Supplied data ::
----
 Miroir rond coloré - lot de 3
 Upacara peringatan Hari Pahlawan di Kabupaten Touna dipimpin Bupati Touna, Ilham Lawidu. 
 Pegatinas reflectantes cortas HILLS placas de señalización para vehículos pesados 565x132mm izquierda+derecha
----
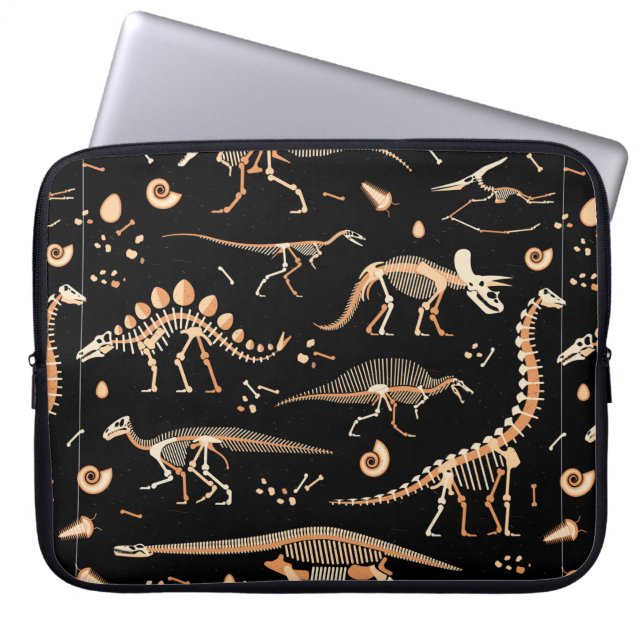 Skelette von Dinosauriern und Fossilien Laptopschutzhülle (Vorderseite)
----
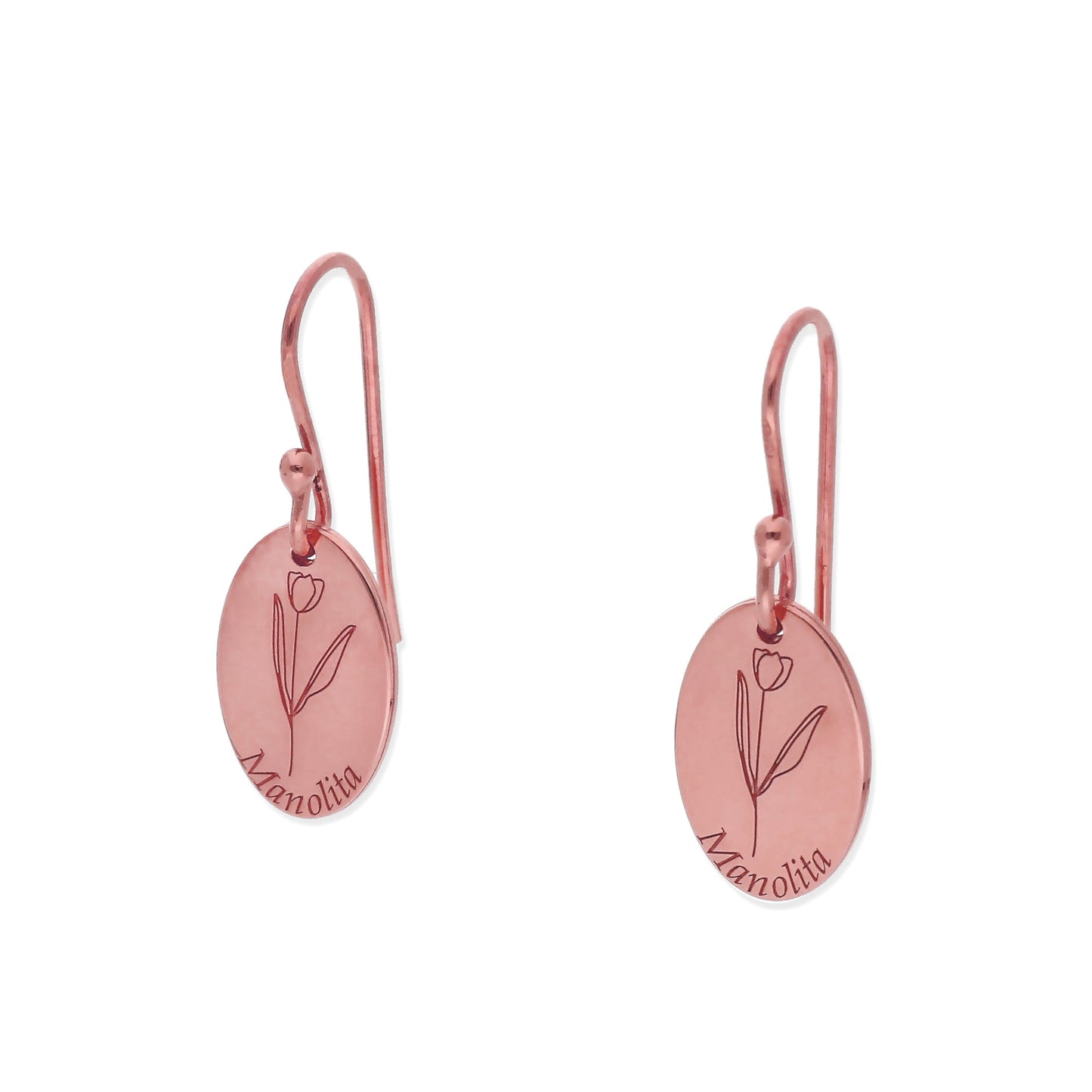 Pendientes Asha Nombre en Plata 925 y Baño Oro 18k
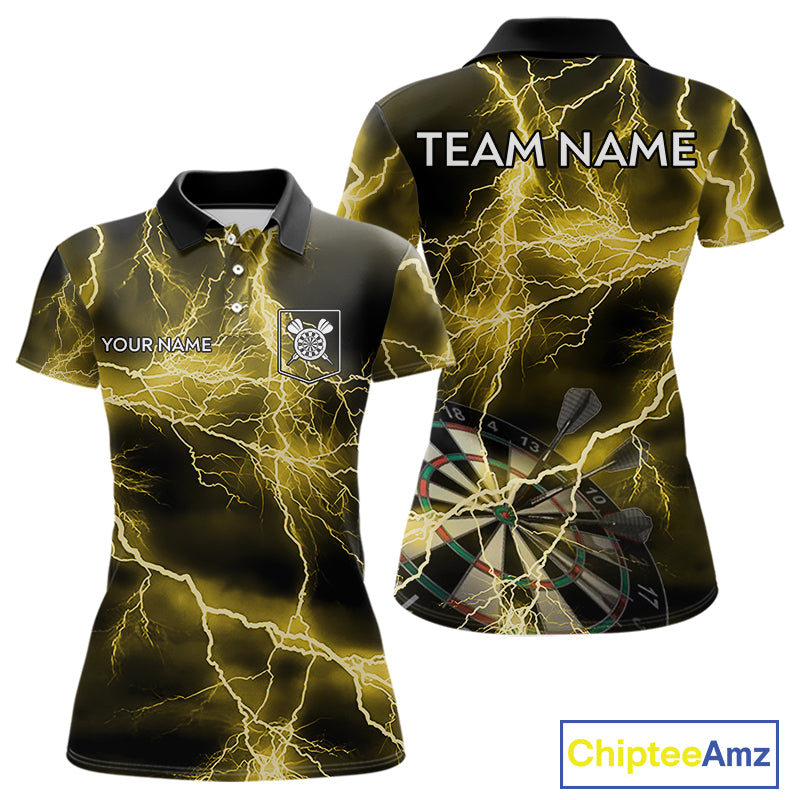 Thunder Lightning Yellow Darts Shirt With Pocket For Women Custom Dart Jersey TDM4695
----
Exercise requirements :: Retype, exactly and in full, the lines above from the one containing "Miroir rond coloré - lot de 3" through the one containing "Pegatinas reflectantes cortas".

The completed task ::
 Miroir rond coloré - lot de 3
 Upacara peringatan Hari Pahlawan di Kabupaten Touna dipimpin Bupati Touna, Ilham Lawidu. 
 Pegatinas reflectantes cortas HILLS placas de señalización para vehículos pesados 565x132mm izquierda+derecha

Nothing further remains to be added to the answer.